In the case of text that is:

-Copied into IDE from an external editor
-Entered/edited in IDE
-Entered in translation file (Unicode)

For:
-Display in IDE
-Display in-game

As well as:
-Text entry in game (TextBox)

With AGS set to:
 -RTL mode
-"Normal" mode

Edit: And by "how AGS treats," I mean:
-Do the characters appear in the right order/direction?
-Are lines of text correctly aligned?
-Are ligatures displayed correctly?
-Are string operations performed correctly? (.Append(), .Substring(), etc., as well as string substition tags like %s)
-Does editing work correctly? (in IDE and TextBox), i.e. caret movement on entering/deleting a character
Title: Re: How is the "proper" right-to-left text written, and wrapped?
Post by: Mehrdad on Wed 12/04/2023 08:46:21
@Crimson Wizard 
Uncheck reverse is a nice idea and works perfectly in the game. But it doesn't correctly show in Editor and I can't read texts
Title: Re: How is the "proper" right-to-left text written, and wrapped?
Post by: eri0o on Wed 12/04/2023 11:50:15
A small memory dump, Freetype can draw text, but it needs Harfbuzz for ligatures - and they have a circular dependency where both libraries depend on each other, so if you aren't building both from source together, you have to do a weird thing that is build FreeType, build Harfbuzz pointing to FreeType, and then build FreeType again pointing to Harfbuzz. Ligatures also have special functions for emojis - changing color or type of a emoji.

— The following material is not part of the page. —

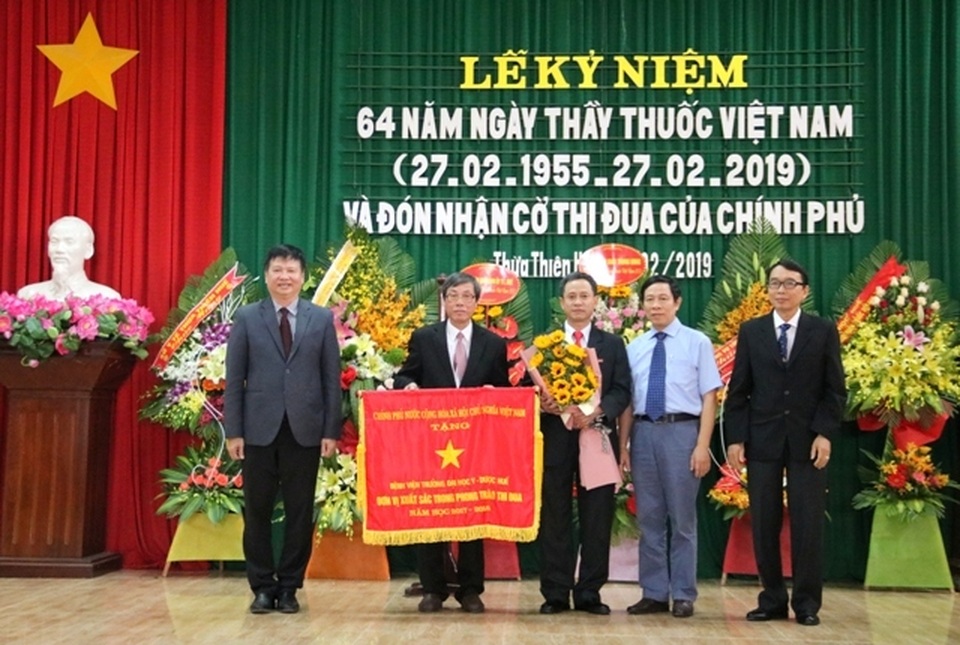 Benh vien DH Y Duoc Hue nhan co thi dua Chinh phu 1.JPG Benh vien DH Y Duoc Hue nhan co thi dua Chinh phu 1.JPG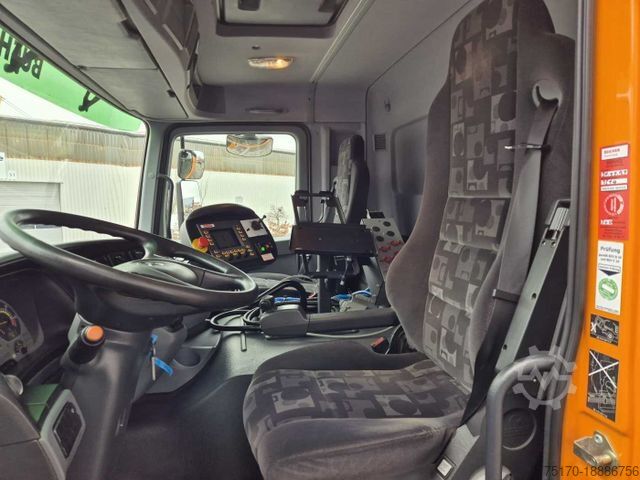 Kehrmaschine MERCEDES-BENZ Actros 2032 A 4x4 Bucher STKF 9500 Airport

Now, neither support the characters that inverts text, so you need a bidi library. There's also care when doing this to look for the library with the correct license.

Here's the issue for the feature of bidi in SDL_ttf : https://github.com/libsdl-org/SDL_ttf/issues/135

I remember there was also some drawing library (Cairo?) that did have support and it was what chromium used.
Title: Re: How is the "proper" right-to-left text written, and wrapped?
Post by: Crimson Wizard on Wed 12/04/2023 14:15:37
From the engine's perspective it will of course be desired that there's a minimal amount of settings and "types" of data, and most conversions were done by compilers. For example, if compiler could inverse the "reversed" RTL text before packaging the game.

But in our case this will either be impossible or difficult to achieve, as the game script is allowed to have strings in multiple languages, and scripting language allows to switch Text Direction at runtime (see SetGameOption(OPT_RIGHTTOLEFT) (https://adventuregamestudio.github.io/ags-manual/Globalfunctions_General.html#setgameoption)). This assumes that script strings may contain text of all kinds.

Resolving this at game compilation time would likely require a new preprocessor feature, using some kind of annotations added to the string literals. And that would definitely bring more issues with texts loaded from custom files.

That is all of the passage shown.